In this method, we transform the key recovery problem into a similarity measurement problem of intermediate state leakage and power consumption. In classical SCA, the attacker can quantify the leakage of intermediate states through the leakage model. We call this set v the intermediate operating states of the entire device. x consists of the secret key and the input dependent variable on which the leaky function L acts. It describes how an implementation can leak information through a given side channel. Typically, the leakage model takes the form of an additive Gaussian noise function [32].

$$\begin{aligned} L(v)=L(v)_{d}+\mathcal {N}(0, \sigma ) \end{aligned}$$
(7)

where \(\mathcal {N}(0, \sigma )\) is a Gaussian noise, and \(L(.)_{d}\) is a deterministic function.

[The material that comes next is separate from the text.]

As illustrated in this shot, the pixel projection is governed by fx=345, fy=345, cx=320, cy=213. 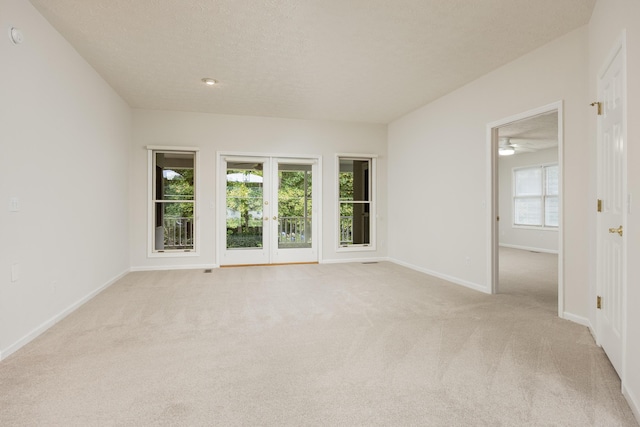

For a flip-flop in a register involved in data processing in the system, the power consumption is directly related to the processed data. This relationship is manifested at the CMOS gate circuit level as the charge and discharge of the load capacitor. At the register level, it is expressed as the flip-flop of 0 and 1 in the register, and at the operand level, it is expressed as the HW of the data before and after the execution of the instruction. This function is a HW function, so the \(L(.)_{d}\) function is usually selected as HW, which is expressed as follows:

$$\begin{aligned} {\text {HW}}(x)=\sum _{0 \le i<l} x^{i} \end{aligned}$$
(8)

where l is the number of bits of x.

Therefore, generating simulated power traces based on HW values for intermediate states is correlated with power traces with the same HW label. We can introduce the SNN architecture to establish a similarity evaluation model when the input pairs of the same label are significantly differ from those of different labels. In this paper, we will generate simulated power traces based on the HW values of the intermediate states. Simulated and true power traces are used as a set of inputs for the model for training. A trained model is able to assess the similarity between inputs. Finally, the correct key is solved by the similarity of different power consumption pairs. The similarity measurement problem can be expressed as:

For the power traces \(t_i\), the learning goal is to acquire an encoder f that meets the following conditions:

$$\begin{aligned} {\text {score}}(f(h_{i,t}),f(t_i))>>{\text {score}}(f(h_{i,f}),f(t_i)) \end{aligned}$$
(9)

where \(h_{i,t}\) is the simulated power traces for the correct intermediate value, \(h_{i,f}\) is the simulated power traces for the incorrect intermediate value, \(t_i\) is the true power trace, and score is a similarity measure function.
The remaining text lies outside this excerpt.